# What is the value of $a + b$ if $a\sqrt{b} = BC$ in right triangle $\Delta ABC$?

In $$\Delta ABC$$, $$\angle ABC = 90^\circ$$ , $$D$$ is the midpoint of line $$BC$$. Point $$P$$ is on $$AD$$ line. $$PM$$ & $$PN$$ are respectively perpendicular on $$AB$$ & $$AC$$. $$PM$$ = $$2PN$$, $$AB = 5$$, $$BC$$ = $$a\sqrt{b}$$, where $$a, b$$ are positive integers. $$a+b$$ = ?

I could not find any way to relate $$PM$$ = $$2PN$$ to this math.

• This may not be unique. What if $|BC|^2$ were $75$, do we take $a=1$ or $a=5$? Or is the correct value amenable to $a=1$ only? – Oscar Lanzi Jan 17 '19 at 14:18

$$\triangle ABC \sim \triangle AMM' \sim \triangle PNM'$$

$$\frac{BC}{AB}=\frac{NM'}{PN}$$

$$PM'=PM=2PN$$

$$NM'=\sqrt{(2PN)^2-PN^2}=PN\sqrt3$$

$$\frac{NM'}{PN}=\sqrt3$$

$$\frac{BC}{AB}=\sqrt3$$

$$BC=AB\sqrt3=5\sqrt3$$

$$a=5,b=3,\color{blue}{a+b=8}$$

• That's strange, I thought the sum would be 76. – Oscar Lanzi Jan 17 '19 at 15:02
• @OscarLanzi As you pointed out, $5\sqrt3=1\sqrt{75}$, so $(a,b)=(1,75)$ technically qualifies. – Daniel Mathias Jan 17 '19 at 15:06

Let $$\angle{BAC}=\alpha$$ then $$\tan(\alpha)=\frac{PM}{5-PN}=-\frac{PN}{\frac{a}{2}-2PN}$$ so we get $$\frac{a}{2}+5=3PN$$ (1) and $$AD^2=5^2+\frac{a^2}{4}$$ so $$\left(\frac{2PN}{\sin(\alpha)}+\frac{PN}{\cos(\alpha)}\right)^2=5^2+\frac{a^2}{4}$$ and for $$PN$$ we have $$PN=\frac{1}{3}\left(\frac{a}{2}+5\right)$$ and $$\cos^2(\alpha)=\frac{1}{\tan^2(\alpha)+1)}$$ and $$\sin^2(\alpha)=\frac{\tan^2(\alpha)}{1+\tan^2(\alpha)}$$ Can you finish?
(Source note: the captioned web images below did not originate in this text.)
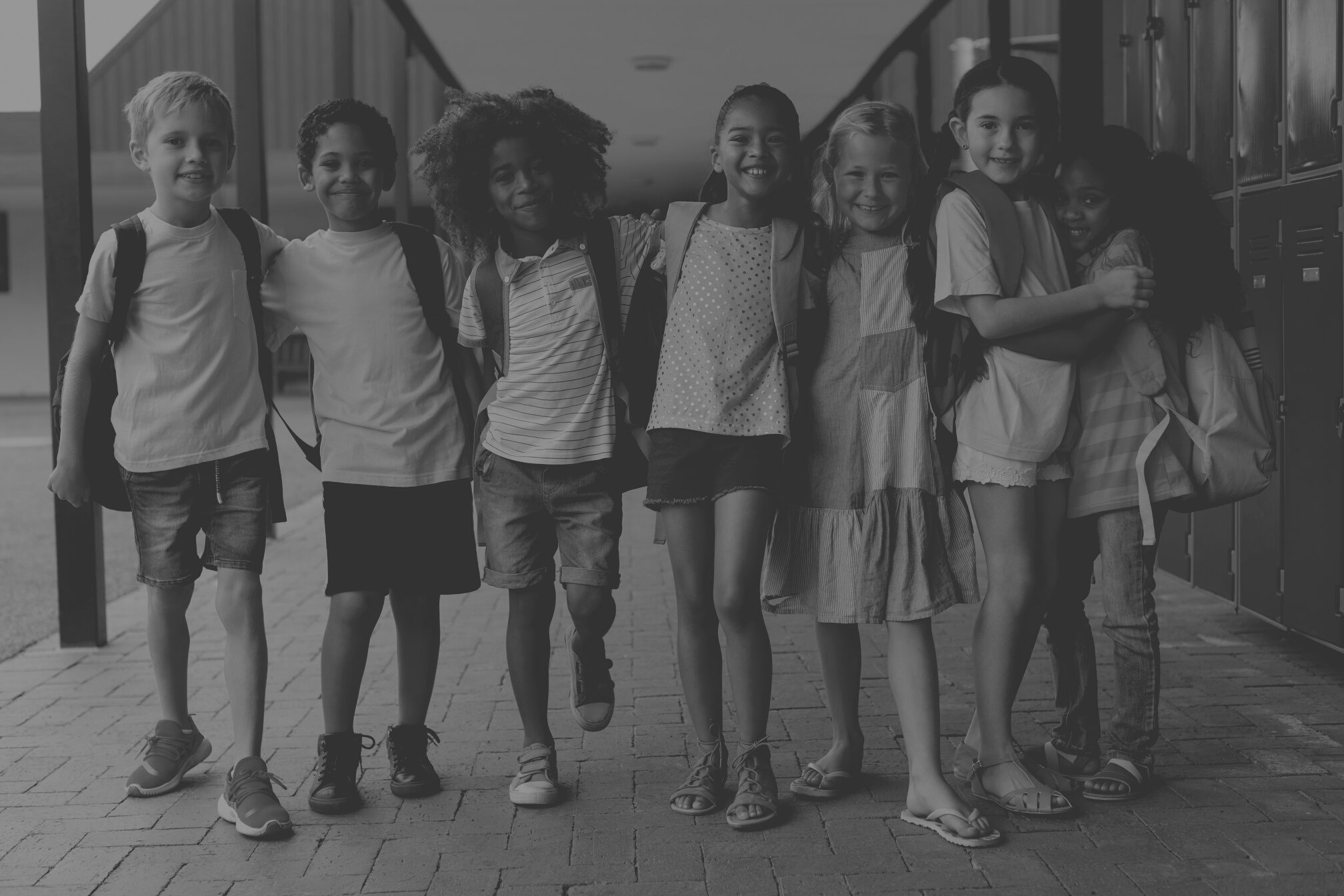 Happy school kids standing in corridor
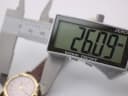 Digital caliper measuring the watch case diameter, with the display clearly showing '26.09 mm'.
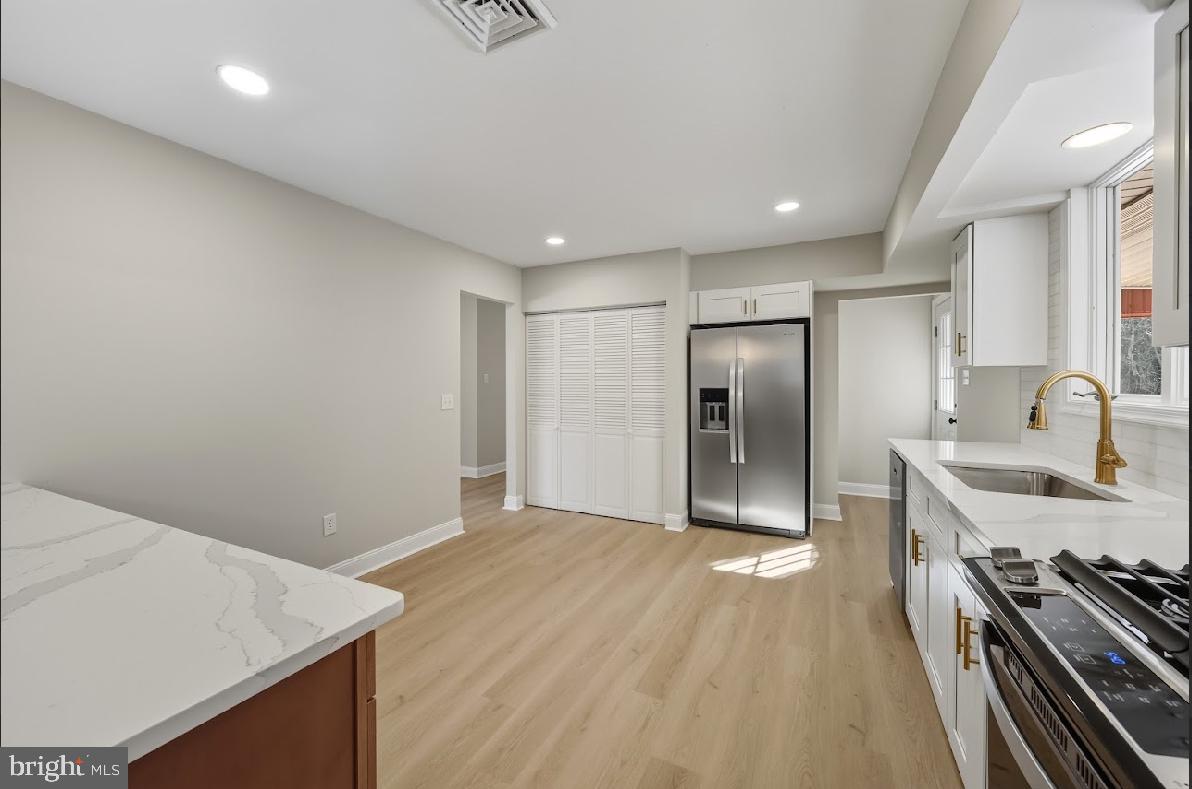 825 Mays Landing Road Hammonton, NJ 08037 - Photo 16 of 33 a view of a kitchen cabinets a sink and a stove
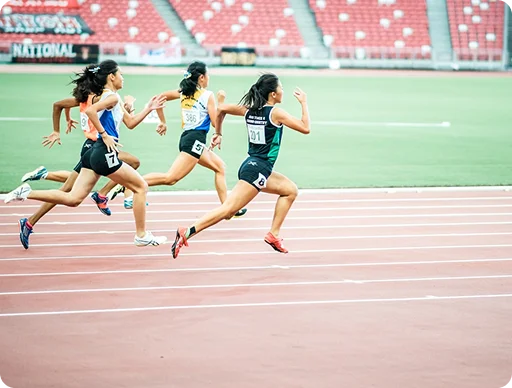 Estafeta a fazer a passagem do testemunho na final dos 4 x 100 metros durante um grande torneio internacional de atletismo num dia de sol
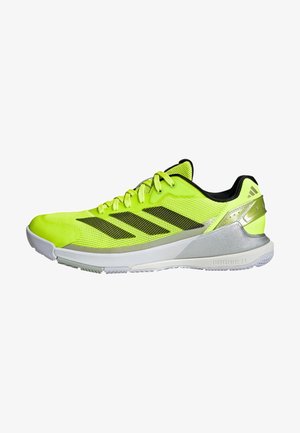 Helle gelbe Sportschuhe mit einem Obermaterial aus Mesh, schwarzen Akzenten, drei diagonalen Streifen und einem silbernen Fersenbereich sowie einer weißen Zwischensohle.
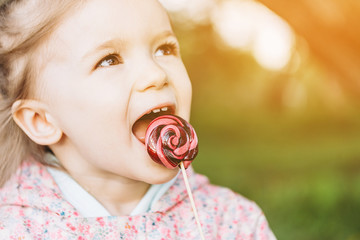 little 3-year-old girl licks a colored swirling candy on a walk in the park on a rainy summer day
We can think that $$B=(0,0)$$. Then $$A=(0,5)$$ and $$C=(a\sqrt{b},0)$$.

Then we have that $$D=(\frac{a\sqrt{b}}{2},0)$$.

Since $$P$$ is in $$AD$$, $$P=(0,5)+\lambda_1 (a\sqrt{b},-10)$$.

Now, as we can see in the picture, we do not know where $$N$$ and $$M$$ are. But by what you said, we have two options for each one:

$$N_1= (0,5)+\lambda_2(a\sqrt{b},-5)$$

$$N_2= (0,0)+\lambda_3(a\sqrt{b},0) = (\lambda_3 \cdot a\sqrt{b},0)$$

$$M_1= (0,0)+\lambda_4(0,5)=(0,\lambda_4 \cdot 5)$$

$$M_2= (0,5)+\lambda_5(a\sqrt{b},-5)$$

Now, we have to play computating $$PM$$ and $$PN$$ and using your relation.

• I will edit it now. Thanks! – idriskameni Jan 17 '19 at 13:55

Draw the triangle as instructed. $$M$$ and $$N$$ are taken to be the feet if the respective perpendiculars to the triangle's sides, $$M$$ on $$AB$$ and $$N$$ on $$AC$$.

Draw $$DN'$$ parallel to $$PN$$ with $$N'$$ also on $$AC$$. Then $$\triangle AMP ~ \triangle ABD$$ and $$\triangle APB ~ \triangle ADN'$$, forcing $$|PM|/|PN|=|BD|/|DN'|=|CD|/|DN'|=2$$. Then right $$\triangle DN'C$$ has a hypoteneyse/leg ratio of $$2:1$$ hence $$\angle C$$ measures $$30°$$.

It follows that right $$\triangle ABC$$ with a $$30°$$ angle at $$C$$ also has a $$2:1$$ ratio of the hypotenuse to the shorter leg, therefore its hypotenuse is $$10$$ and $$|BC|=5\sqrt{3}=1\sqrt{75}$$. And the solution is nonunique! C'mon man!